Below are the entries. Transcribe exactly the lines from the one with "GR, Evros, Alexandroupolis, Evros" through the one with "Burrowing insects are", ends included, and leave out all others.

*Stored data*
---------------
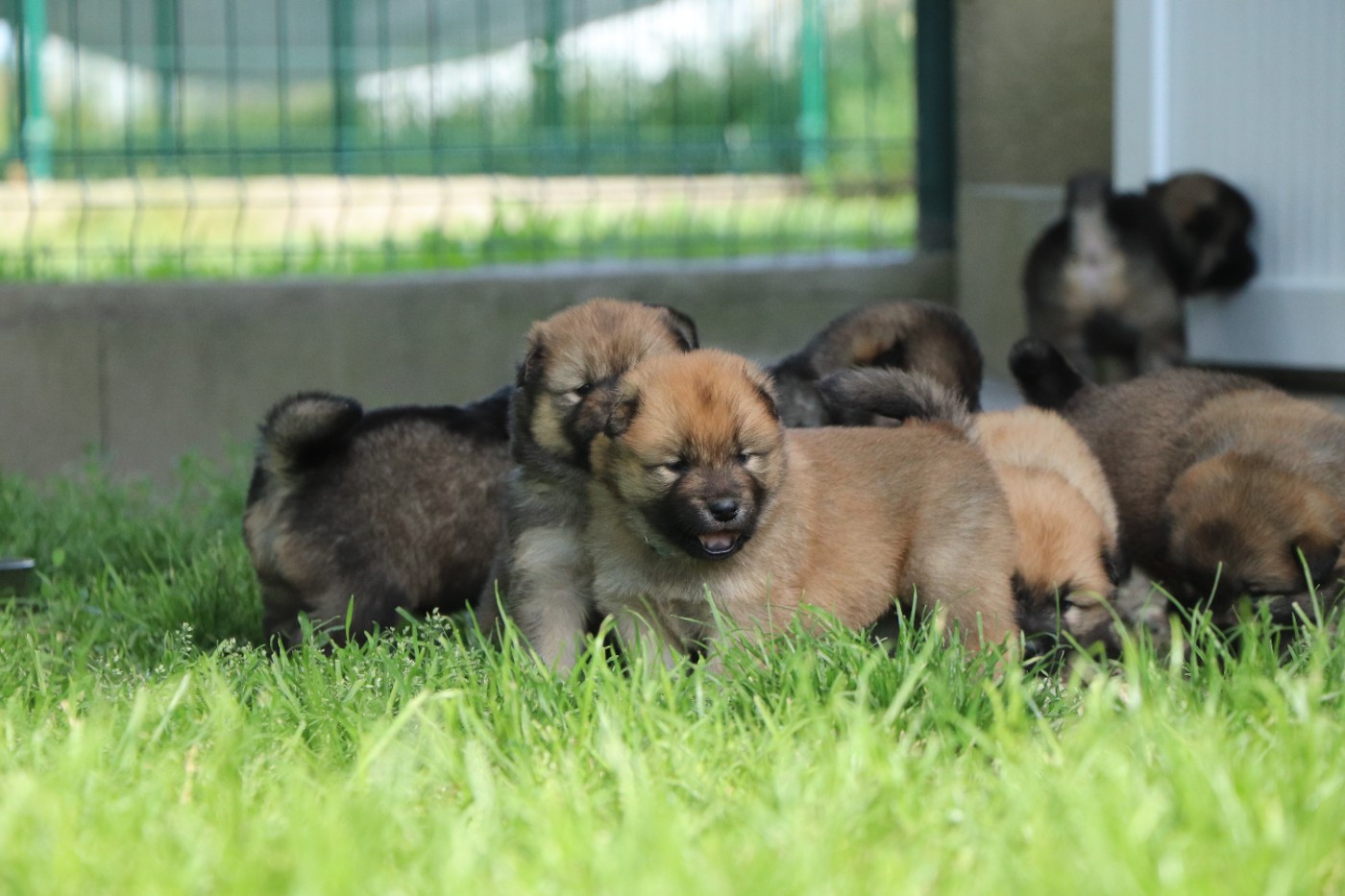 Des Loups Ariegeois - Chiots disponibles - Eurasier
---------------
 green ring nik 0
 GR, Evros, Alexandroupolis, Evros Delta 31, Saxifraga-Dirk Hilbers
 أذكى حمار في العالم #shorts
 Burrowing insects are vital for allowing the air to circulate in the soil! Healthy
---------------
*Task output*
 GR, Evros, Alexandroupolis, Evros Delta 31, Saxifraga-Dirk Hilbers
 أذكى حمار في العالم #shorts
 Burrowing insects are vital for allowing the air to circulate in the soil! Healthy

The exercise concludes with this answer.